The next car was a 1955 hardtop coupe Buick, maybe a Super or possibly a Century. My father was proud of how fast it was. This was the year model that Broderick Crawford drove in the late ‘50’s TV show Highway Patrol. I don’t have any pictures of that car, but here is one from the Internet.
Ours was also blue and white, although I remember the color as somewhat different.
The next Buick was a 1957, again, probably a Super. Here’s another Internet picture. Ours was a two-tone with cream and metallic bronze.
And then there was the 1964 Buick LeSabre, the first new car our family every bought. Again, no pictures of it, but here’s a very similar model from the Internet.
This one is very similar to the one we had. It was a hardtop coupe with a roof styled to look like a convertible top.
Next came the 1966 Wildcat coupe. About the time my parents bought this car they got interested in recreational vehicles. They bought an Airstream trailer and towed it with the Buick. Here is my father with both of them.
This picture was scanned from a very dark slide, so the quality is not great.
The Wildcat was definitely the sportiest and coolest of the Buicks my parents bought. I drove it a lot, since I turned 16 in 1966.
After that, RVing became more important to my parents, so their next car was not a Buick. It was a Jeep Wagnoneer, which was more suitable for towing a trailer. But they kept the Buick for a long time afterwards.

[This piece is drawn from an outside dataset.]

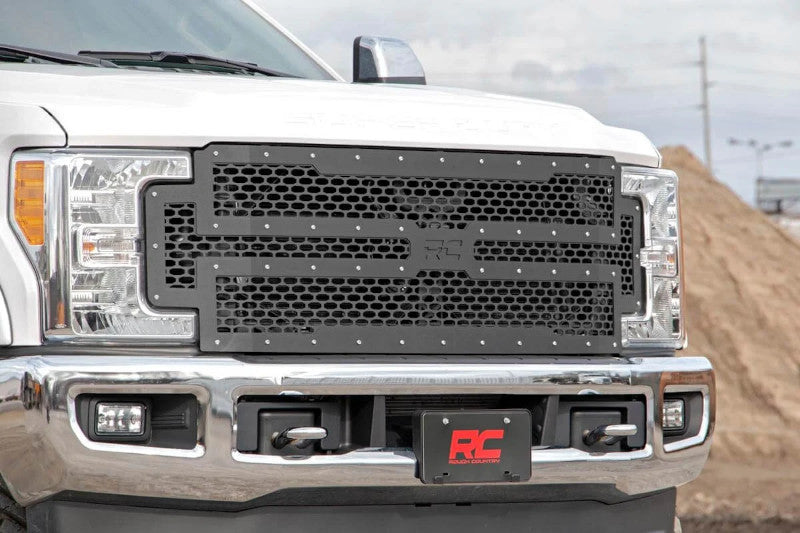 Rough Country 70213 Mesh Grille Kit | 2017-2019 F250/F350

I’m not a Buick man, but I have a soft spot in my heart for Buicks of a certain vintage. I can recognize Buicks and guess the year model from around 1949 to around 1967, which corresponds to just before my birth to around my 17th birthday. After 1966, Buicks and cars in general started meaning a lot less to me. I suppose for me it must be something like music; it seems that a person’s favorite kind of must is fixed sometime during their youth. That’s why I like rock and roll from the ‘60s and ‘70s, and that’s why I like cars from around the same time. If you gave me a choice between a new Corvette and a perfectly restored 1959 Corvette, it would be no contest.
My parents bought another Buick sometime in the 1980s (or so). I think it means something that I can’t remember what year model it was. After my father died, I urged my mother to trade it for a safer car; it had no airbags and the seatbelt was one of the type that was attached to the door so you had to slide in and close the door to have a seatbelt. She considered a 2000 Ford Taurus and a 2000 Buick. She bought the Buick.
Buick went through a bad spot for a few years before and after that model. To this day any time Leah sees a Buick of that vintage, she calls it a “Doris car.” It’s usually the same beige color of my mother’s. Apparently Buick recovered, since it survived General Motors’ near death, unlike Pontiac and Oldsmobile.
I’m not a Buick man today. If we had a pickup truck full of hundred dollar bills, I would probably buy some Buicks, but the newest would be at least 50 years old.